What the exercise asks.
Keyword search on "Foto": report each line of the records that contains it.

== Information supplied ==

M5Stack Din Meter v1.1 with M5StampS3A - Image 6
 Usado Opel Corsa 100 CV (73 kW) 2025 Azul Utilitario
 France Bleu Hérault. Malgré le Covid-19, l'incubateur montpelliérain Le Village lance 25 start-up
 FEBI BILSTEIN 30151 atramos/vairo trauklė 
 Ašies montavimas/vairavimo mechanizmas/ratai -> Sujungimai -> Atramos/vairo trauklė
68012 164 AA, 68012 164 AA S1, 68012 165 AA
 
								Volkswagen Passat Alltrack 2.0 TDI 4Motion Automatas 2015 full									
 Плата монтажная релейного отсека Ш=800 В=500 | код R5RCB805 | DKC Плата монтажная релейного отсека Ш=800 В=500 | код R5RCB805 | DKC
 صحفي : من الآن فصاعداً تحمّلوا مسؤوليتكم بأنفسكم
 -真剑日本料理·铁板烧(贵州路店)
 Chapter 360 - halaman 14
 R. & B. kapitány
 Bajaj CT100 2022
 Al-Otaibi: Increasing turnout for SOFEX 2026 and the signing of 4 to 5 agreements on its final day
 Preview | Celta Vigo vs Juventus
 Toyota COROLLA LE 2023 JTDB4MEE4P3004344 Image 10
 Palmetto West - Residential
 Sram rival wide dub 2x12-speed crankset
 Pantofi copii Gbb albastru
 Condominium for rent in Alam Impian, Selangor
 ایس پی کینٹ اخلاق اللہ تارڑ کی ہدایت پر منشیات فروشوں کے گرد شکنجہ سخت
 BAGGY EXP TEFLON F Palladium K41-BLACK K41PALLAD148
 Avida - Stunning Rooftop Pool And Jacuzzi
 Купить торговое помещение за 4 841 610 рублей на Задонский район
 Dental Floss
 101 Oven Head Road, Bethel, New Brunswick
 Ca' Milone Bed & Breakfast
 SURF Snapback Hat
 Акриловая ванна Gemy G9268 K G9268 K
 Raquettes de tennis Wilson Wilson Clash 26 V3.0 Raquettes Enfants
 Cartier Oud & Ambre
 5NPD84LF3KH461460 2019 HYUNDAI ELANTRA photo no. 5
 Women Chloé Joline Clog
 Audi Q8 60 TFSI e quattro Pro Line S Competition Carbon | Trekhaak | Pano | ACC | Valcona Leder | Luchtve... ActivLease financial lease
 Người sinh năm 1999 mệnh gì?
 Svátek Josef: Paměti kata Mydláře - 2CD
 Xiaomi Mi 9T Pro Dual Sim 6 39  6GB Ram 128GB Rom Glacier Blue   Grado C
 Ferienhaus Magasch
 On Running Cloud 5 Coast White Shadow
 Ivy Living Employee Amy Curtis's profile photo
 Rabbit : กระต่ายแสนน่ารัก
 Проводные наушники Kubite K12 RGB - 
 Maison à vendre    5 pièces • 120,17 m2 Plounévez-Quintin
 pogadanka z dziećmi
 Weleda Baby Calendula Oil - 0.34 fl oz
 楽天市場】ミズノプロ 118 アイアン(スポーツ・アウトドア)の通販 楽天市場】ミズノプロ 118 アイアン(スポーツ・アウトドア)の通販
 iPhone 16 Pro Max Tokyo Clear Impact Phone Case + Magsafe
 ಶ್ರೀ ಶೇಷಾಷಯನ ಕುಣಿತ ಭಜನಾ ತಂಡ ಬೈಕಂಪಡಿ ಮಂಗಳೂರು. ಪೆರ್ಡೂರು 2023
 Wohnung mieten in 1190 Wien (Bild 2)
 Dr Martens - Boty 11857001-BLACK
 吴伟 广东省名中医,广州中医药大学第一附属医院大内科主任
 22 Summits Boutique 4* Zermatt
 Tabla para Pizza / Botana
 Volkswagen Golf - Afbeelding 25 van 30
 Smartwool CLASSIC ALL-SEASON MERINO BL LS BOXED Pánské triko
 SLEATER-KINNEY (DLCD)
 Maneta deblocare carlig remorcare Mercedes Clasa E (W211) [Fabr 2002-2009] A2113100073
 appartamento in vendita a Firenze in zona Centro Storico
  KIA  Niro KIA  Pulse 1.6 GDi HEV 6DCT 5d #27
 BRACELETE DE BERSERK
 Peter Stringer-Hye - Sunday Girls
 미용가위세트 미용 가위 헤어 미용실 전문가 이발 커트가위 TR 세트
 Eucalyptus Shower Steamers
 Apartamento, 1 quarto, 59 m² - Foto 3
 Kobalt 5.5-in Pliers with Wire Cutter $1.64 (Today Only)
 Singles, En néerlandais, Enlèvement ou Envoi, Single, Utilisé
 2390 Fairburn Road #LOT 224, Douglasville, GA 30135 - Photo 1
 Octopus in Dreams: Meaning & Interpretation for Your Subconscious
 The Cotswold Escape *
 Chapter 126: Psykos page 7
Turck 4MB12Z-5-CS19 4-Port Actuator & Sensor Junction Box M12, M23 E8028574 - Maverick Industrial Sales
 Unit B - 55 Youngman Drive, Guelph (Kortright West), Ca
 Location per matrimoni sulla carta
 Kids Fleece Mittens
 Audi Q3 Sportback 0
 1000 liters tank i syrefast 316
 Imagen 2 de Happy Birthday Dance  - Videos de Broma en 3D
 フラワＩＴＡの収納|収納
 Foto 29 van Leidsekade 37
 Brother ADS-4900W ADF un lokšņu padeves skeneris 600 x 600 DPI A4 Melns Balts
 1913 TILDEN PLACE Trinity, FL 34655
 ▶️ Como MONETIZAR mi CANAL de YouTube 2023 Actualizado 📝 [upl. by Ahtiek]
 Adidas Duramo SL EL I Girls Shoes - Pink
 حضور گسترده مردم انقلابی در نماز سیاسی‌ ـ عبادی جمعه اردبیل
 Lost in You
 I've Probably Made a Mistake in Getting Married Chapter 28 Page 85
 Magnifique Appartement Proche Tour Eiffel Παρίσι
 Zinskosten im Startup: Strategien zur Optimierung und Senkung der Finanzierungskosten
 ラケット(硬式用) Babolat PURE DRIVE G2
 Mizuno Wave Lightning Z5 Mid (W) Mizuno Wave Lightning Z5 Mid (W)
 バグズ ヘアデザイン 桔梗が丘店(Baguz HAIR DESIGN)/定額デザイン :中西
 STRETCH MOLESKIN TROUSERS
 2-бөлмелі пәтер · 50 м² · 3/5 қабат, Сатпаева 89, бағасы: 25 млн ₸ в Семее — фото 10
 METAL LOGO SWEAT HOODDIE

===

Exercise answer.
 Apartamento, 1 quarto, 59 m² - Foto 3
 Foto 29 van Leidsekade 37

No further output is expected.